Whenever I try to retrieve a job, it ends up getting killed. I'm guessing this is because it's a big download, but I'm not sure.

The command I'm running: /usr/bin/mtglacier download-inventory --config myconfigfile --vault myvaultname --new-journal /my/dir/journalfilename.log

The results I'm getting:

PID 16124 Started worker
PID 16124 Fetched job list for inventory retrieval
PID 16124 HTTP Unexpected end of data. Will retry (626 seconds spent for request)
PID 16124 Downloaded inventory in JSON format
Killed

Let me know if there's any other information needed

vsespb commented 6 years ago

hi. OS version, perl version, device, free memory, appx. inventory size? also check syslog for oom-killer (Out of memory and killed processes).

Message "Killed" goes from your Shell, not mt-aws-glacier (see https://www.thecodingforums.com/threads/killed-message-on-linux-running-from-bash.895178/#post-4802463 ) - someone killed the process with kill -9. It must be oom-killer.

CaptSpify commented 6 years ago

OS: Debian 8 perl: v5.20.2 free-memory: 50G Size: 2892174934222595

It does look like oom killer. My question then: Why is it using so much memory?

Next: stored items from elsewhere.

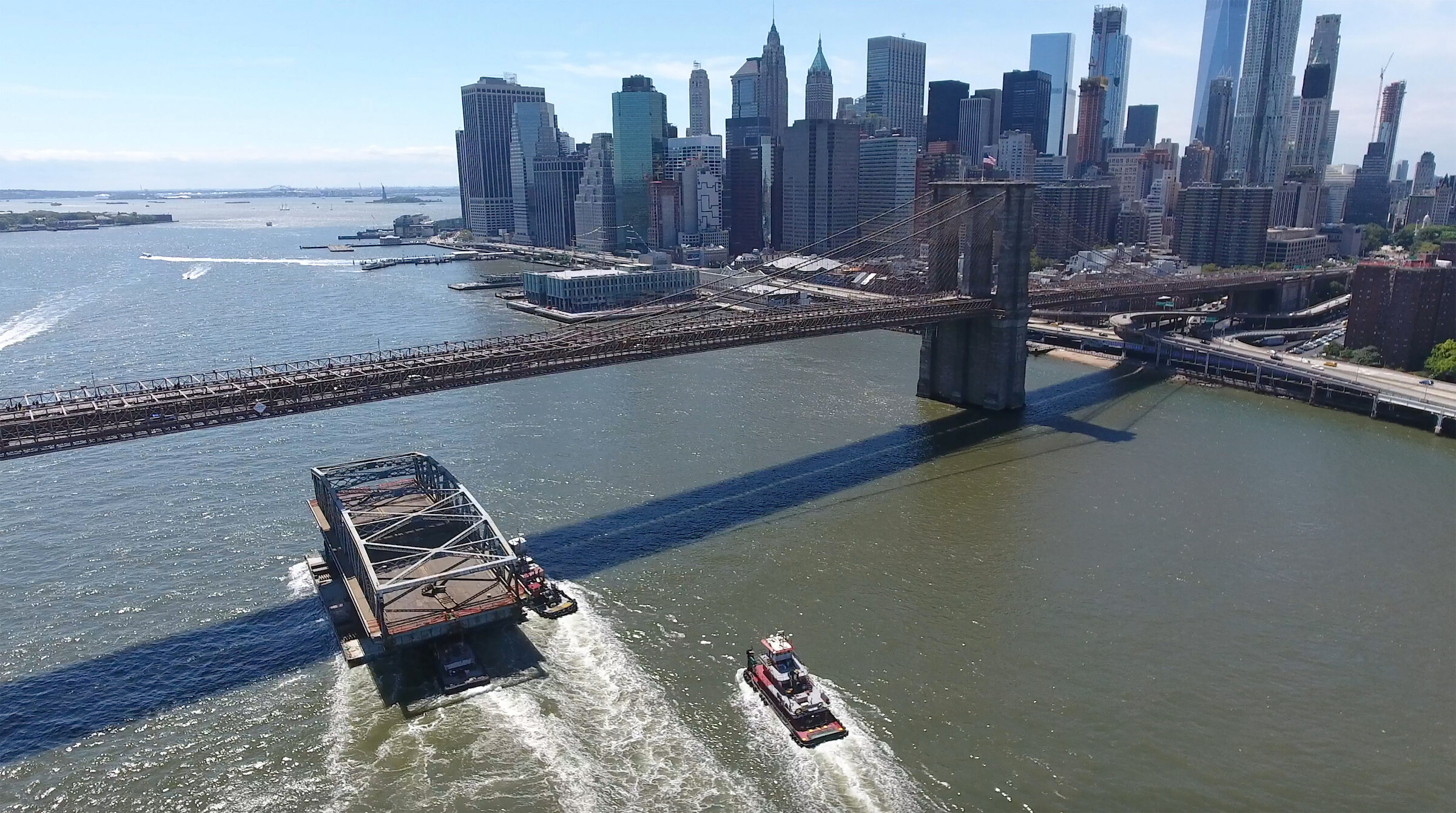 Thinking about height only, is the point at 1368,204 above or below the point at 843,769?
above

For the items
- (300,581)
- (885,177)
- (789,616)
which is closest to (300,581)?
(300,581)

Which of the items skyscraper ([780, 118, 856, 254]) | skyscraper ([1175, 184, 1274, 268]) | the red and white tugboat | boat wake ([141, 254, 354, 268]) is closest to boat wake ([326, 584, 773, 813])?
the red and white tugboat

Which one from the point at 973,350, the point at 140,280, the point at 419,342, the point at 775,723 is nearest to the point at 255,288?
the point at 140,280

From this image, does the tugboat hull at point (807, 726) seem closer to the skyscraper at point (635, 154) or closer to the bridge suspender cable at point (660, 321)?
the bridge suspender cable at point (660, 321)

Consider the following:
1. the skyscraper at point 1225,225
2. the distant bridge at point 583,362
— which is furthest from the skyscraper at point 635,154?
the distant bridge at point 583,362

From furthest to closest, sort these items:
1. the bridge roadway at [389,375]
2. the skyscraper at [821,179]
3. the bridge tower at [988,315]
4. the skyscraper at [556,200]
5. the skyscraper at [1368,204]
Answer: the skyscraper at [556,200], the skyscraper at [1368,204], the skyscraper at [821,179], the bridge tower at [988,315], the bridge roadway at [389,375]

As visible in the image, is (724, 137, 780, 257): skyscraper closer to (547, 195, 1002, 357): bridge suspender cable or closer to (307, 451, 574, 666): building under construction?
(547, 195, 1002, 357): bridge suspender cable

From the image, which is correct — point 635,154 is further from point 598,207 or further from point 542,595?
point 542,595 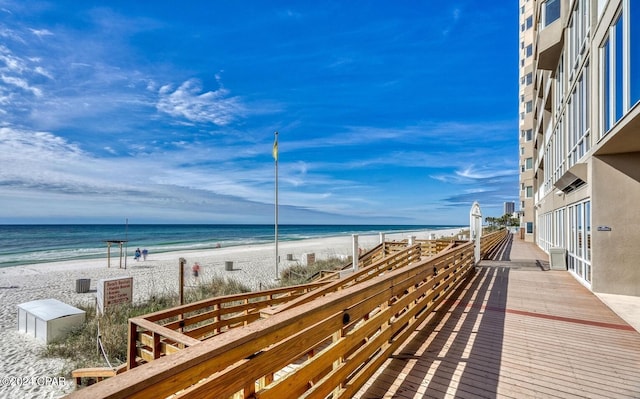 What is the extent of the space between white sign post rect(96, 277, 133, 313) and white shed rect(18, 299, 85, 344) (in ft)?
2.43

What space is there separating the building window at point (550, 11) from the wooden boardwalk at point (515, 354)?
1224 cm

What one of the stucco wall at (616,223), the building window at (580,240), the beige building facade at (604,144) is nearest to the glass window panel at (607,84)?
the beige building facade at (604,144)

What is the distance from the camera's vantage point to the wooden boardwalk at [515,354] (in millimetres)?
3203

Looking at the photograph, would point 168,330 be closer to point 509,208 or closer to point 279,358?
point 279,358

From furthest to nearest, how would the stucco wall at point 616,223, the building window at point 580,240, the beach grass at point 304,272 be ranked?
the beach grass at point 304,272 < the building window at point 580,240 < the stucco wall at point 616,223

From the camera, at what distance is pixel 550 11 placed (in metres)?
13.9

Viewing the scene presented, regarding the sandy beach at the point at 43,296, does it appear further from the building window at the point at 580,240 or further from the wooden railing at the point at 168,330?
the building window at the point at 580,240

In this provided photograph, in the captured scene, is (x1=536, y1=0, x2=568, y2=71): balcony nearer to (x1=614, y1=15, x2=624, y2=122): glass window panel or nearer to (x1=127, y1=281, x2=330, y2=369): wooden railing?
(x1=614, y1=15, x2=624, y2=122): glass window panel

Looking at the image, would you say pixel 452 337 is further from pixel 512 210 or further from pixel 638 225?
pixel 512 210

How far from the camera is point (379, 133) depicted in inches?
2002

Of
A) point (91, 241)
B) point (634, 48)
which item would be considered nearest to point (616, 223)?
point (634, 48)

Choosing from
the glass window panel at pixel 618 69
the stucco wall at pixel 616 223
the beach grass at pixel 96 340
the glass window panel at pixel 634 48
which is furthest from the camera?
the stucco wall at pixel 616 223

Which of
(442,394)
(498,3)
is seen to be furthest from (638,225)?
(498,3)

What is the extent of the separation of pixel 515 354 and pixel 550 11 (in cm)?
1565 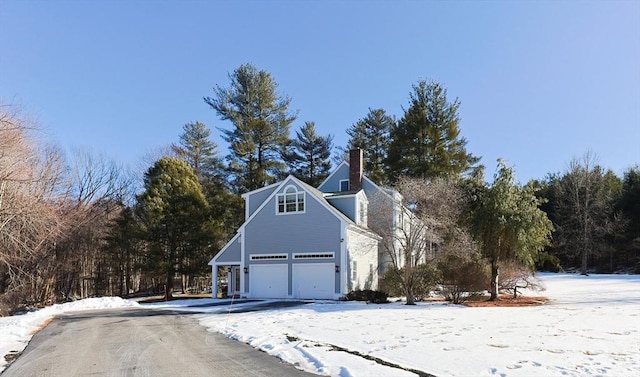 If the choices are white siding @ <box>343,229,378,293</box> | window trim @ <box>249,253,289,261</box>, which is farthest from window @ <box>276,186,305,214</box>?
white siding @ <box>343,229,378,293</box>

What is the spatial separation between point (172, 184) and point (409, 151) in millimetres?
19898

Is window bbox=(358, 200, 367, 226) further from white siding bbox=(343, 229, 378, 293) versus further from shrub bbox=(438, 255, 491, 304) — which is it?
shrub bbox=(438, 255, 491, 304)

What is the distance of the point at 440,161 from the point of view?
130ft

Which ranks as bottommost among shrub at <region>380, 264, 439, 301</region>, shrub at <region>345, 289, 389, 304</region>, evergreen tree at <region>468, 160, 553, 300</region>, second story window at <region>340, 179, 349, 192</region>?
shrub at <region>345, 289, 389, 304</region>

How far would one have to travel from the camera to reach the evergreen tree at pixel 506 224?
23.2m

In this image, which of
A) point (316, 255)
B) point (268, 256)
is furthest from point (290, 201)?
point (316, 255)

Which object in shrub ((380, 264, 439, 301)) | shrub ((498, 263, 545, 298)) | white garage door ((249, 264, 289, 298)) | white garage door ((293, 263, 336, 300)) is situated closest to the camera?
shrub ((380, 264, 439, 301))

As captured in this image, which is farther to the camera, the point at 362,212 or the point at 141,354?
the point at 362,212

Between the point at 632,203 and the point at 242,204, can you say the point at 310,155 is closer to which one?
the point at 242,204

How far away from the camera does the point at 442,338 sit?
11039 millimetres

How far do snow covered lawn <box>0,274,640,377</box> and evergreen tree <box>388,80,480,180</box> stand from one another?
868 inches

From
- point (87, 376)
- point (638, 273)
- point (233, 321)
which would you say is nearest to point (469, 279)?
point (233, 321)

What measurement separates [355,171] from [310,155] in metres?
17.6

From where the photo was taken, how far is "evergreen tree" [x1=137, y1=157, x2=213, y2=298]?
31.7 metres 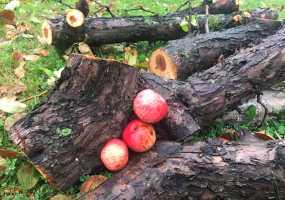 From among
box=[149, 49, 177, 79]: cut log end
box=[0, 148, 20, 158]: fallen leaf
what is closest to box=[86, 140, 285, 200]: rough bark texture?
box=[0, 148, 20, 158]: fallen leaf

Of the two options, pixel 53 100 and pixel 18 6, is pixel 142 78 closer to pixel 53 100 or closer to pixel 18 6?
pixel 53 100

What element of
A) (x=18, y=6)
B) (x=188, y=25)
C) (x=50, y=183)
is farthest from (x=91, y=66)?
(x=18, y=6)

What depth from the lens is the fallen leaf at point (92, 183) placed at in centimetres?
326

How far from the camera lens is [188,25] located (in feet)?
18.1

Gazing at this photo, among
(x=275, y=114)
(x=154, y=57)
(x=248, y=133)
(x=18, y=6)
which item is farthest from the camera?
(x=18, y=6)

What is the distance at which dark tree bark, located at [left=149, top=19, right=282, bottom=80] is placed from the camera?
4668 mm

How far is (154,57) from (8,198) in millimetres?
2252

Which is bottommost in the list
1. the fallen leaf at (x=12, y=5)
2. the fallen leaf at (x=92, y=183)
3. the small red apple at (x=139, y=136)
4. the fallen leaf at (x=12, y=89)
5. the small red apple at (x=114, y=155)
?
the fallen leaf at (x=92, y=183)

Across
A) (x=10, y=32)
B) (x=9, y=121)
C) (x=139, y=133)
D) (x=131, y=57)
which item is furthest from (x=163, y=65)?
(x=10, y=32)

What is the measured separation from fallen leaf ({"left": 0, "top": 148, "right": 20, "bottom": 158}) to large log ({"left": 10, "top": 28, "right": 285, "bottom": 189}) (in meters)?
0.37

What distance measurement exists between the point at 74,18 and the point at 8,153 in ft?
7.27

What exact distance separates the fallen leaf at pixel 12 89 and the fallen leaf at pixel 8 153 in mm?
1088

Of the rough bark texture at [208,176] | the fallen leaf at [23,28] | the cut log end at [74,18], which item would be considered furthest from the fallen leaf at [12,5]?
the rough bark texture at [208,176]

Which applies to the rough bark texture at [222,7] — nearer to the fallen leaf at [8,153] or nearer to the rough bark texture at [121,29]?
the rough bark texture at [121,29] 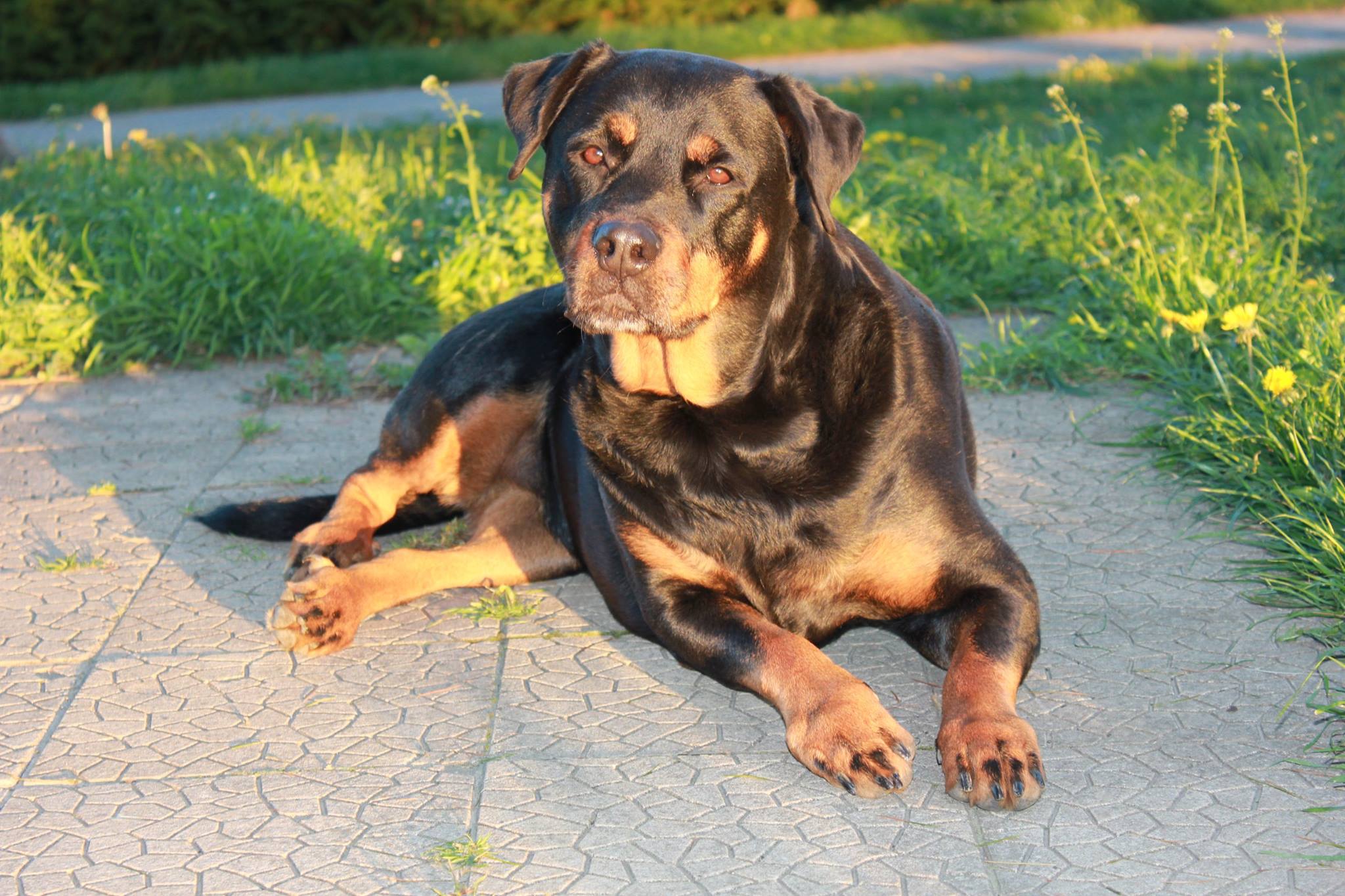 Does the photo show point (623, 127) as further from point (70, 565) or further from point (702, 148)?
point (70, 565)

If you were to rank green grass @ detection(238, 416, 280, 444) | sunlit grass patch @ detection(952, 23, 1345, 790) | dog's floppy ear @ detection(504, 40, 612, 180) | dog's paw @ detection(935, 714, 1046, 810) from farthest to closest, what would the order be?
green grass @ detection(238, 416, 280, 444)
sunlit grass patch @ detection(952, 23, 1345, 790)
dog's floppy ear @ detection(504, 40, 612, 180)
dog's paw @ detection(935, 714, 1046, 810)

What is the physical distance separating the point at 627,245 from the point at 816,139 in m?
0.55

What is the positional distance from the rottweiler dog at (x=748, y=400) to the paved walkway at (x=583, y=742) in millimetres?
191

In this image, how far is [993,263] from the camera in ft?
21.3

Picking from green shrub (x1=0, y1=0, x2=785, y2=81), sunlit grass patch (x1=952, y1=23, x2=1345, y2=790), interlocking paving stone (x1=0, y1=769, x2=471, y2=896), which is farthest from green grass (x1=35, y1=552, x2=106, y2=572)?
green shrub (x1=0, y1=0, x2=785, y2=81)

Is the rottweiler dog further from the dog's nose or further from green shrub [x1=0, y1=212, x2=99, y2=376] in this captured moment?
green shrub [x1=0, y1=212, x2=99, y2=376]

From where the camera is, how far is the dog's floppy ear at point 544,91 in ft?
11.9

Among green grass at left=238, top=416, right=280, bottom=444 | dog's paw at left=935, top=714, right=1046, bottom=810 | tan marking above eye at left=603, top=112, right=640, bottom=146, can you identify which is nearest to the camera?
dog's paw at left=935, top=714, right=1046, bottom=810

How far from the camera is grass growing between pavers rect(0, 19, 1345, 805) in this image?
425 centimetres

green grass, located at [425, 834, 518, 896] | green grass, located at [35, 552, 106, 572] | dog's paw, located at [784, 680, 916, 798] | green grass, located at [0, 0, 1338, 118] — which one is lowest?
green grass, located at [0, 0, 1338, 118]

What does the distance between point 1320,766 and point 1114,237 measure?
4.19 m

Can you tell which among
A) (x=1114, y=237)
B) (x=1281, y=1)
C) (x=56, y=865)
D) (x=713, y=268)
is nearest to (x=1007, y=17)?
(x=1281, y=1)

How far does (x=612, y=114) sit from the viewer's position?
11.1 ft

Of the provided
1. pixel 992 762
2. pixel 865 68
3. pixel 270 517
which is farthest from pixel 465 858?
pixel 865 68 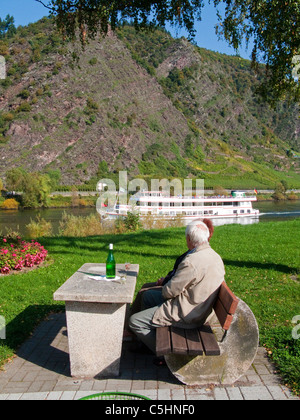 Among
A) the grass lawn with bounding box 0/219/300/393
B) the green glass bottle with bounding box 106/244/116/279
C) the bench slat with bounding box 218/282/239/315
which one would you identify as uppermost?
the green glass bottle with bounding box 106/244/116/279

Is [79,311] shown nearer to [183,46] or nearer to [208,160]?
[208,160]

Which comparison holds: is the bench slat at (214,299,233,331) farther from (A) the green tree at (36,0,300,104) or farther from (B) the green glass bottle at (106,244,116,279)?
(A) the green tree at (36,0,300,104)

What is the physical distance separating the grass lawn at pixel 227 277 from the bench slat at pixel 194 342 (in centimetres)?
94

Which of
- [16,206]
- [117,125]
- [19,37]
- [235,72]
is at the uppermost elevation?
[235,72]

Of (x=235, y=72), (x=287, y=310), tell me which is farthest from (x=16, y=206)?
(x=235, y=72)

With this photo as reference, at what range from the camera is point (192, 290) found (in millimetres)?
3832

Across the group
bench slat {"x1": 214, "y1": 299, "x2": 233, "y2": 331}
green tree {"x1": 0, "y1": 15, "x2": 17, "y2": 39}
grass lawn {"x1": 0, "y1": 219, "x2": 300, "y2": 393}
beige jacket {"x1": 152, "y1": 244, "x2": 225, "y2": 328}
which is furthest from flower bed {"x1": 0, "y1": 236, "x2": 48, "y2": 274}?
green tree {"x1": 0, "y1": 15, "x2": 17, "y2": 39}

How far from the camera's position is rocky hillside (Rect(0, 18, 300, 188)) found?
268ft

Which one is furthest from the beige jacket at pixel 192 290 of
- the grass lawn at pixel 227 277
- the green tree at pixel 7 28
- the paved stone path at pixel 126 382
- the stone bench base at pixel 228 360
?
the green tree at pixel 7 28

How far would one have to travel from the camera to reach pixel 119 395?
3.26m

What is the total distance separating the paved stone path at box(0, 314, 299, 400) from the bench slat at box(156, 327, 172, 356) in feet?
1.38

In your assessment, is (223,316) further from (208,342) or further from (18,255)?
(18,255) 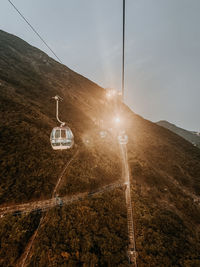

vsespb commented 6 years ago

Size: 2892174934222595

what does this number mean and where did you get it?

CaptSpify commented 6 years ago

I got it from: /usr/bin/mtglacier --config myfile.cfg list-vaults

In the return, there is a field that says: Archives: 50596957, Size: 2892174934222595

Are you looking for a different size? I'm guessing that is in PetaBytes?

vsespb commented 6 years ago

Archives: 50596957, Size: 2892174934222595

if those figures looks correct to you (and match what Amazon Console shows), then ok. otherwise, if it's much higher than it should be, need investigate why so.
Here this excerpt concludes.